Wells Fargo said in its opposition that those messages were turned over in document form. The request, according to the bank, came years after it turned over an investigative summary and the printed emails, and long after the deadline for discovery had passed.
Judge Robertson found that, based on the difference in formats between electronic emails saved as chains and printed-out versions that could not be considered "exact duplicates," Wells Fargo must turn over the electronic files.
"[Wells Fargo Advisors] admits that not all of the TelexFree-related emails in Ms. Vitale's electronic file are in the same form as are emails with the same content that were produced in the matter summary's supporting documentation," Judge Robertson wrote.
In denying the plaintiffs' request to reopen Vitale's deposition, the judge found that the compliance manager had been as forthcoming as possible given the passage of time since she conducted the investigation, and that fading memories are a risk that comes with a stay, which the court had granted while criminal prosecutions against the alleged organizers of the scheme were taking place.
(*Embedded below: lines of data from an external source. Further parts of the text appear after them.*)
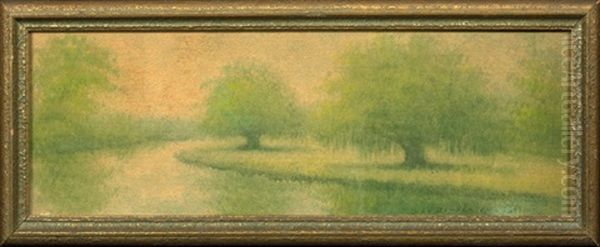 Oak Trees Along The Bayou - view 1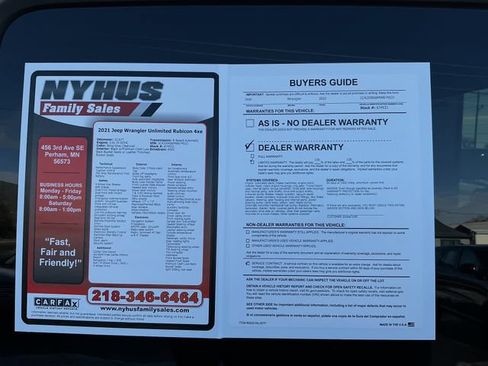 Used 2021 Jeep Wrangler Unlimited Rubicon 4xe w/ Cold Weather Group AWD/4WD image 66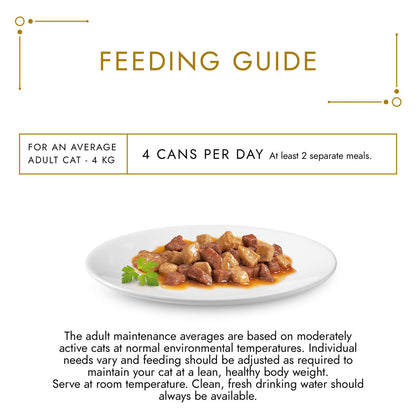 Gourmet Gold Chunks in Gravy Chicken and Liver Wet Cat Food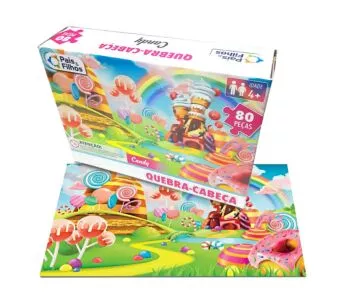 Quebra Cabeça Cartonado Candy - 80 Peças - Pais e Filhos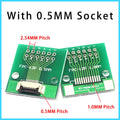 FPC/FFC Adapter Board 0.5/1.0MM to 2.54MM Soldered Connector 4/5/6/8/10/12/14/16/20/26/3040/45/50/60Pin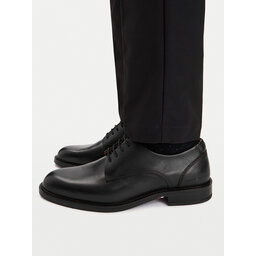 Tommy Hilfiger Oxford Schuhe Tommy Hilfiger Corporate Dressy Lth FM0FM06023 Schwarz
That stay was lifted in 2019.
Judge Robertson also denied the plaintiffs' request that notes from Vitale's interviews with witnesses during the investigation be turned over, finding that such materials are subject to attorney-client privilege and work-product doctrine, both of which the plaintiffs had not shown a compelling interest in overriding.
The investigation summary shows that the probe's purpose was to determine Wells Fargo's potential liability based on Caradenas' alleged conduct in maintaining accounts for the three individuals who were being investigated by the SEC at the time, the judge noted.
Wells Fargo's attorney took part in the investigative interviews, and notes kept by Vitale "are likely to disclose an attorney's mental impressions and legal theories" by virtue of the sorts of questions asked, the judge found.
While the plaintiffs acknowledged that the notes were in anticipation of litigation, their "argument appears to be that [Wells Fargo Advisors] involved its legal department in Ms. Vitale's investigation so that it could withhold facts by invoking the attorney-client privilege and the work-product doctrine," the judge wrote.
Messages seeking comment from counsel for the plaintiffs and for Wells Fargo did not immediately receive responses on Wednesday.
Wells Fargo Bank NA and Wells Fargo Advisors are represented by John O. Mirick of Mirick O'Connell, Kenneth C. Pickering of Pickering Legal LLC, and Robert W. Fuller, Adam Doerr, Fitz E. Barringer, Demi Lorant Bostian, Patrick H. Hill, Emma T. Kutteh and Garrett Steadman of Robinson Bradshaw & Hinson PA.
The plaintiffs are represented by Robert J. Bonsignore and Melanie Porter of Bonsignore Trial Lawyers PLLC, J. Gerard Stranch IV and Kyle C. Mallinak of Stranch Jennings & Garvey PLLC, Steven Rhodes of Steven Rhodes Consulting LLC, James Wagstaffe of Adamski Moroski Madden Cumberland & Green LLP, E. Powell Miller and Ann L. Miller of The Miller Law Firm PC, and R. Alexander Saveri and Geoffrey C. Rushing of Saveri & Saveri Inc.
The case is In Re: Telexfree Securities Litigation, case number 4:14-md-2566, in the U.S. District Court for the District of Massachusetts.